Your Representatives in the News

State Assembly Representative Garey Bies

Bies proposed the state tax all tobacco products equally in a bill he authored called the Backpack Tobacco Act.

The bill would target flavored tobacco products that are currently exempt from Wisconsin’s cigarette tax, which allow companies to sell them at a lower price. Flavors such as cherry and chocolate and lower prices make those products attractive to young people.

The bill would also require those products be kept behind the counter.

Source:  Health First Wisconsin


State Senator Frank Lasee

Rubber duck races, often used to raise money at charity events, have come under scrutiny as violating state gambling laws after an event in Mishicot, Wis., when the Department of Justice wrote a letter to put a stop to the races.

Lasee and Rep. Andre Jacque, of De Pere, introduced a bill to allow nonprofit groups that have licenses to host raffles to also be allowed to hold rubber duck races.

Source:  Wisconsin Radio Network


Governor Scott Walker

On Friday, Sept. 27, Walker signed a declaration of emergency for the sagging Leo Frigo Bridge in Green Bay. An emergency declaration makes the project more likely to be eligible for federal repair money. Federal money can only be granted for repairs if the cause of the sag is an external force, not the natural age of the bridge. At press time the cause of the sag had not been identified.

Source:  Milwaukee Journal Sentinel


U.S. Representative Reid Ribble

Ribble released the following press release on Tuesday, Oct. 1, after the government shutdown began:

“It’s harmful and embarrassing that the federal government has reached a point of shutting down operations. This is not a moment to be proud of or to celebrate.

I’ve stated from the beginning that while I vigorously oppose Obamacare and believe it is poor healthcare policy, I do not believe shutting down the government is the correct strategy to address the flawed law. Two wrongs don’t make a right.”

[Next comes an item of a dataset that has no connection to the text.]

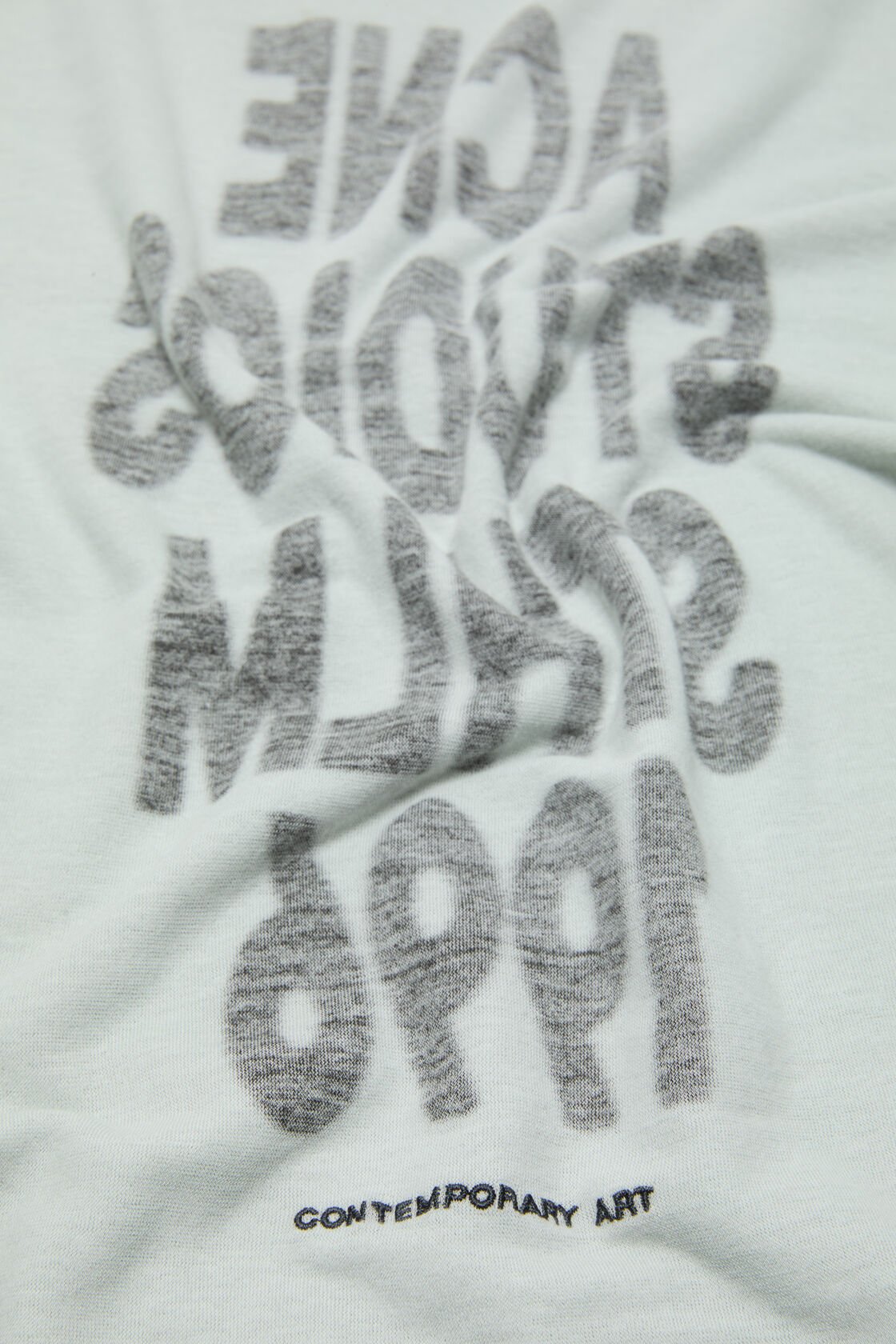 Layered graphic t-shirt, Cold grey, 2000x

Ribble voted for the amendment to include a one-year delay of the Affordable Care Act in the House’s bill that would raise the debt ceiling and avoid a shutdown. The Senate rejected the bill because of the delay amendment.

Source:  Ribble press release, Pierce County Herald


U.S. Senator Tammy Baldwin

Baldwin closed her office on Tuesday, Oct. 1, because of the government shutdown. This was posted on her official website:

“Due to a lapse in government funding, federal law and Senate rules require that my website and Senate offices shut down. I sincerely apologize for the inconvenience. Please know that I am working with my congressional colleagues to find a responsible way to end this shutdown as soon as possible. Thank you for your patience.”

Source:  Baldwin website


U.S. Senator Ron Johnson

Johnson was interviewed on CNN’s Morning Joe TV show, where he spoke against the Affordable Care Act in a discussion with former White House health care adviser Ezekiel Emanuel.

“This still isn’t ready for prime time,” Johnson said. “Listen, doctor, I think you’re a smart guy, but I don’t think you know how to take over 1/6 of our economy and do it well and that’s why I’m opposed to this thing. It’s going to do great harm to our health care system. It’s going to bankrupt our budget further. It’s going to really be an assault on our personal freedoms.”

Source:  MSNBC


President Barack Obama

Obama addressed U.S. military troops on Wednesday, Oct. 1, saying they will stay on duty and get their paychecks on time despite the government shutdown.

“Those of you in uniform will remain on your normal duty status,” he said in a video. “Threats to our national security have not changed, and we need you to be ready for any contingency. Ongoing military operations like our efforts in Afghanistan will continue. If you’re serving in harm’s way we’re going to make sure you get what you need.”